Prompt
Would you repeat exactly the part of the listing below that runs from the line containing "Best Product Chanel" down to the line containing "Mulher a fazer", inclusive, and nothing else?

Dataset records
┄┄┄┄┄┄┄┄┄┄┄┄┄┄┄┄┄┄┄┄
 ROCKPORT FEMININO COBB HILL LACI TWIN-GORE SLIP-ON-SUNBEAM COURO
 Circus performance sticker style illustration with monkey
┄┄┄┄┄┄┄┄┄┄┄┄┄┄┄┄┄┄┄┄
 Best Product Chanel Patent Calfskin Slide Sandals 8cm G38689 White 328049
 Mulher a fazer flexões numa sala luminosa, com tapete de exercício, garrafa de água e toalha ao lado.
┄┄┄┄┄┄┄┄┄┄┄┄┄┄┄┄┄┄┄┄
Result
 Best Product Chanel Patent Calfskin Slide Sandals 8cm G38689 White 328049
 Mulher a fazer flexões numa sala luminosa, com tapete de exercício, garrafa de água e toalha ao lado.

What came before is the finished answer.